そのため、自然と私の意見を求められるようになった。
皆が「あなたなら正しい判断ができるだろう」と言ってくれる一方で、その重さは私の心に静かに積み重なっていった。
思い返せば、母は生前よく言っていた。
「誰の世話にもなりたくないんや」
それは家族だけでなく、施設の職員の方々や看護師さん、介護職の方々にまで迷惑をかけたくないという、母なりの誠実さから出た言葉だったのだろう。
しかし、そのときの母は認知症の進行で、もう自分の意思を言葉にすることができなかった。
──胃ろうを望むのか、望まないのか。
──延命を意味する医療処置をどう考えるのか。
私は母の言葉と、今、目の前にある母の状態、その間で揺れ続けた。
医師から説明を受けながら、私は心のどこかで分かっていたのだ。
胃瘻は延命であって、回復ではないということを。
そして、管に頼りながら意識の薄い日々を延ばすことが、母の望んだ生の形ではないような気がしていた。
結局、「ご飯を食べられないということは、生き物としての命がゆっくりと幕を閉じようとしている証なのではないか――」
私は、そう家族や親類に伝えた。
母の体がもう栄養を受け入れられず、自然な終わりを迎えようとしているのだと。
そして、話し合いの結果、胃瘻は行わないという決断に至った。
母のこれまでの言葉と、残された時間の質を考えれば、その選択がいちばん母に寄り添ったものだと、私は思っていた。
しかし、母の葬儀の日。
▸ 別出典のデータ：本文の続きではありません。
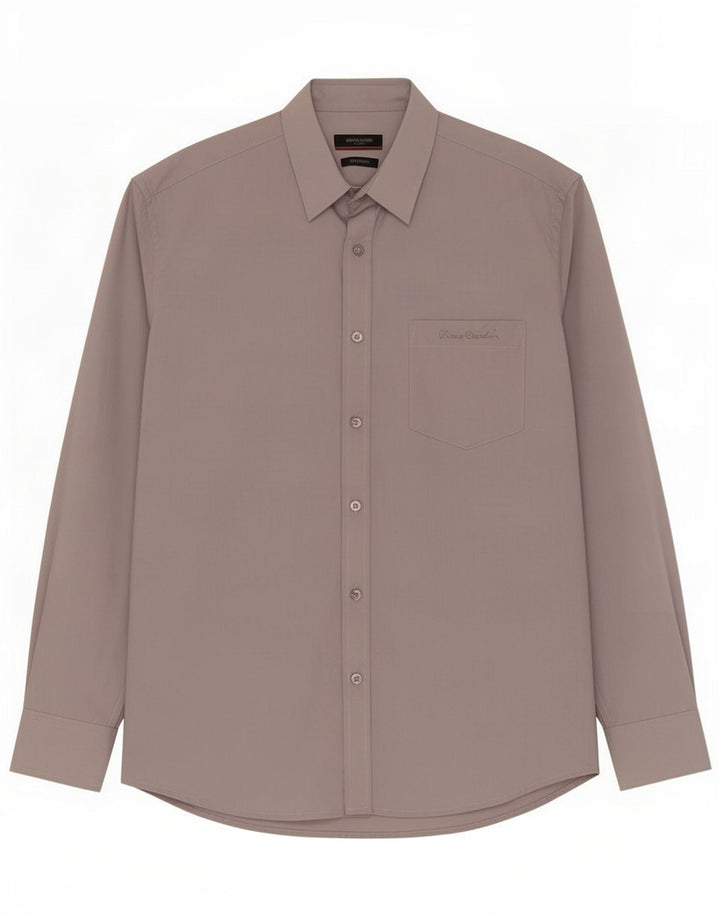 Pierre Cardin Mens Regular Fit Shirt Large Grey Polyester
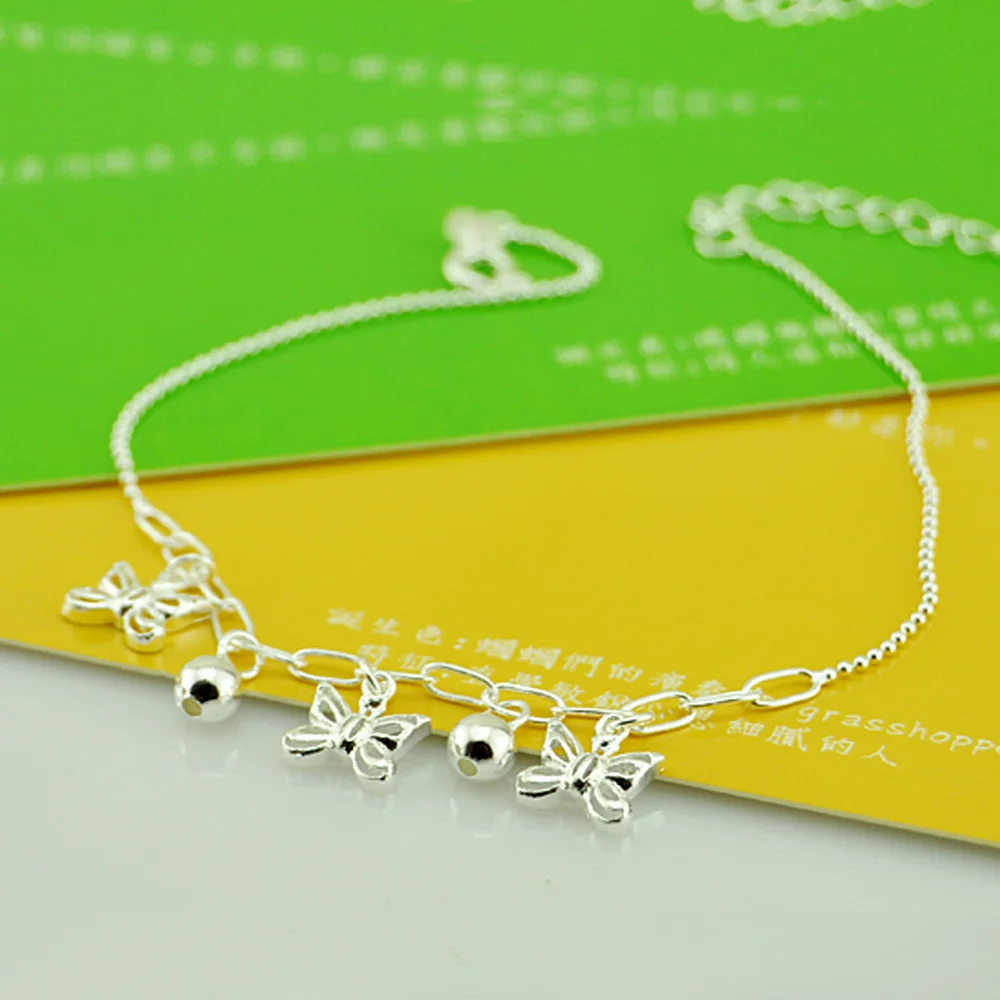 925 Sterling Silver Butterfly Anklet Punk Style Women's Heavy Duty Ankle Bracelet Fashion Foot Jewelry Leg Wear Accessory
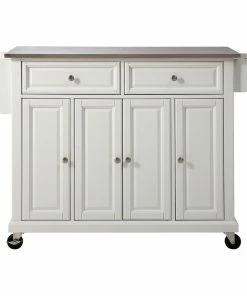Crosley Stainless Steel Top Kitchen Cart/Island, White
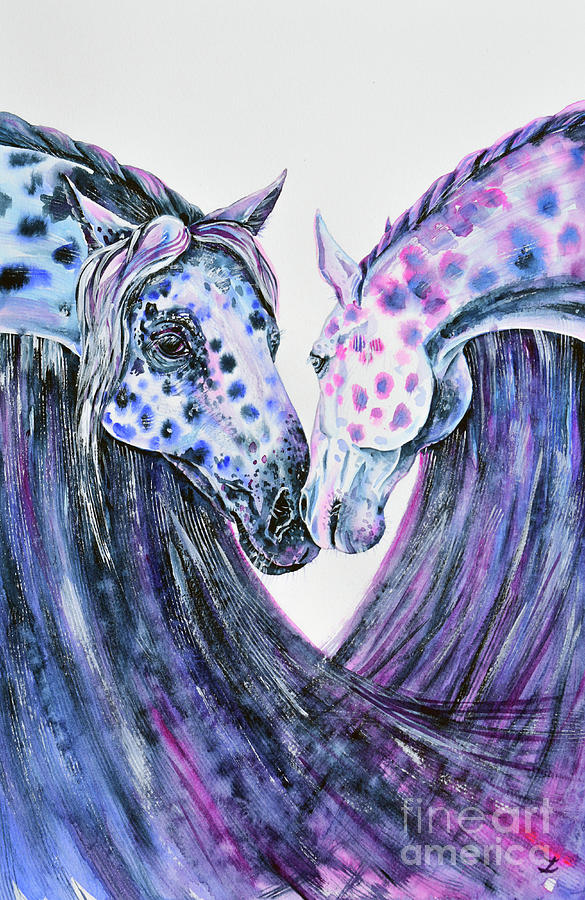 Farm Animals Painting - Appaloosa Horses by Zaira Dzhaubaeva
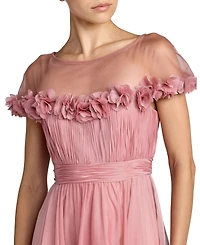 Mac Duggal Women's Chiffon Illusion Neck Midi Dress with 3D Flowers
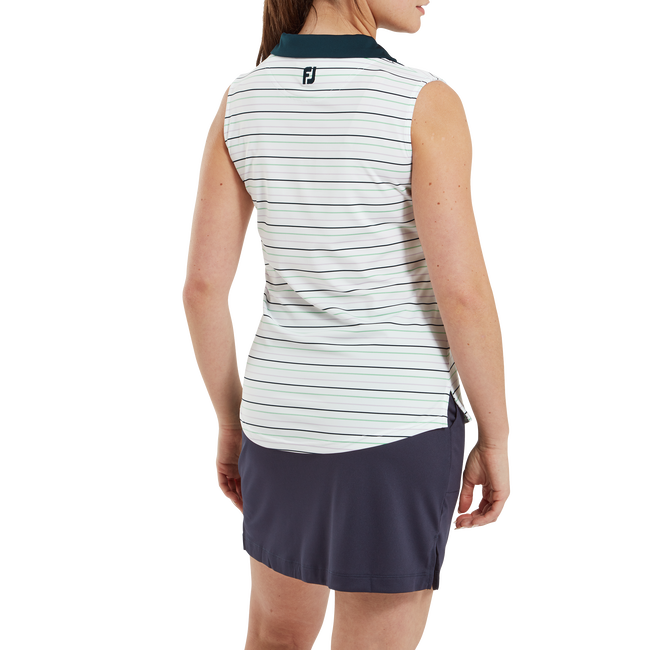 Polo sans manche rayé en fil d'Ecosse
──母の弟、つまり私のおじが静かにつぶやいた。
「もう少し長生きさせてあげてもよかったんじゃないか」
「もう少し早く気づけなかったのか、何かできたのではないのか」
その言葉は責める口調ではなく、むしろ姉(私の母)を想う弟としての純粋な気持ちからこぼれたものだったのだろう。
おじは私が子どもの頃から優しく、お菓子を買ってくれたり、遊んでくれたりした人だ。
私にとって好きな親類だった。
だからこそ、その一言は私の胸の奥に重く落ちた。
おじにとって母は、いつまでも優しく頼れる姉だったのだと思う。
もっと生きていてほしかったという気持ち――それは残された者だからこそ抱く自然な願いだ。
私は、その言葉にすぐ返事ができなかった。
母がほんとうに望んでいたのは何だったのだろう。
もし胃ろうを選んでいたら、母は数ヶ月、あるいは一年でも長く生きられたかもしれない。
「世話になりたくない」という言葉には、母の誇りも、優しさも、恐れも混ざっていたのではないか。
認知症のせいで言葉を失った母は、心の中で「助けて」と叫んでいたのではないか――。
その想像は、今も私を締めつける。
私の決断は、本当に母のためだったのか。
あるいは、苦しむ姿をもう見たくないという、私自身の弱さだったのか。
あれは、私のわがままだったのだろうか?
今もときどき、自分に問いかけてしまう。
――それでも私は、最期の母の表情や、手の温もりを思い出すたび、あれが母にとって一番穏やかな終わり方だったと自分に言い聞かせている──
2、私の父について
そんな母の最期を巡る葛藤の最中、父と私の関係は急速に壊れていった。
父は母を愛していたのだろう。
母が亡くなったとき、父は涙を流した。
母もまた、父を愛していたのだと思う。
私も父に育ててもらった恩を感じていたから、母の件を責めるよりも、支えようとばかりしていた。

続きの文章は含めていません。